I've 1 hard disk Of 120 Go, partitionned like this :
- 2 Go on a hide partition for recovery
- 80 Go - NTFS - Vista
- 40 Go of free space : swap + BSD or linux partition

Previously i was using debian in the 40 Go.
After installing FreeBSD i'm unable to boot any system, even by reinstalling grub (display stage 1.5 but freeze on loading grub ...) or windows MBR(cursor only). 

During installation process i only notice the following message at the end of partitionning : 
Partition 1 not aligned on cylinder boundary (the recovery  partition)
Partition 2 not aligned on cylinder boundary ( the vista partition)

I would rather prefer keep the actual configuration instead of hard formatting the entire disk.

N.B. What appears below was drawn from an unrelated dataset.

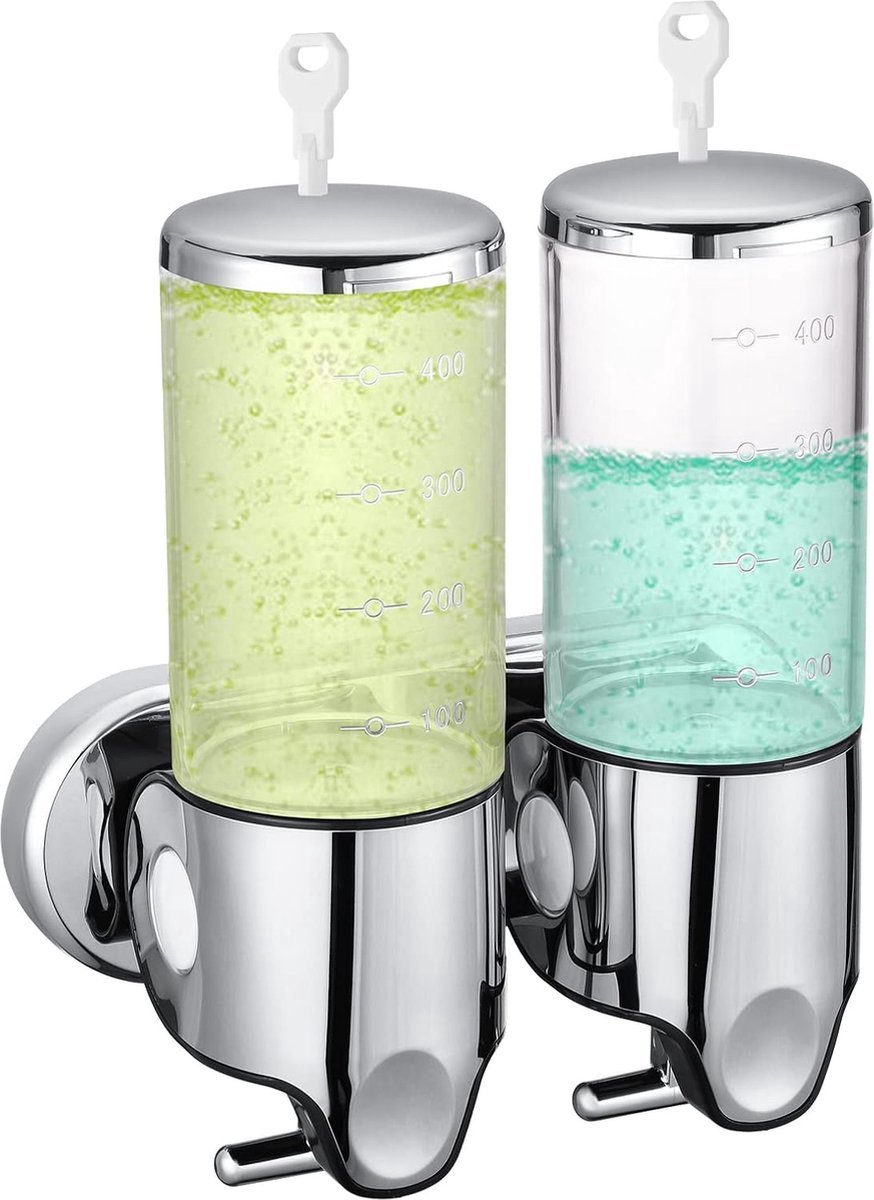 Wall-Mounted Soap Dispenser - 2 Reservoirs - 2x500ml - Stainless Steel - Shampoo Dispenser - Large Capacity - Refillable - Portable - Durable - Hanging Soap Dispenser - Soap Pump - Soap Pump - With Screws - Easy to Install - For Bathroom, Hotel, Kitchen - Image 1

Can someone show me the ligth in this godam darkness ?

Many thanx in advance


----------



## SirDice (Jul 29, 2009)

FreeBSD doesn't use GRUB, if you installed Freebsd in the 40GB slice reinstalling grub won't work. Grub simply won't be able to find the files it needs.

Try to restore at least vista:
http://neosmart.net/wiki/display/EBCD/Recovering+the+Vista+Bootloader+from+the+DVD


----------



## ale (Jul 29, 2009)

Maybe you can try creating a floppy with GAG.
If you can boot into FreeBSD, you can install grub from ports and run the setup again.


----------



## aragon (Jul 29, 2009)

Those cylinder boundary problems might create trouble for bootloaders, just so you know.  I suggest either recovering the DOS bootcode (as SirDice suggested), or install FreeBSD's bootloader.  It should be possible to install that from the FreeBSD install CD, and it will let you dual boot windows and FreeBSD.


----------



## Delabaal (Jul 29, 2009)

thank you.*

the FBSD boot loader freeze too. I have a list with my 3 entries but i can boot on any of it ??


----------



## Delabaal (Jul 29, 2009)

sorry : i *can't* boot on any of it ?


----------



## Delabaal (Jul 30, 2009)

66 Bad blocks ...

partitions saved by using dd and ntfsclone in a live CD. it sucks ...


----------



## SirDice (Jul 30, 2009)

Delabaal said:
			
		

> 66 Bad blocks ...


Better replace that drive asap.


----------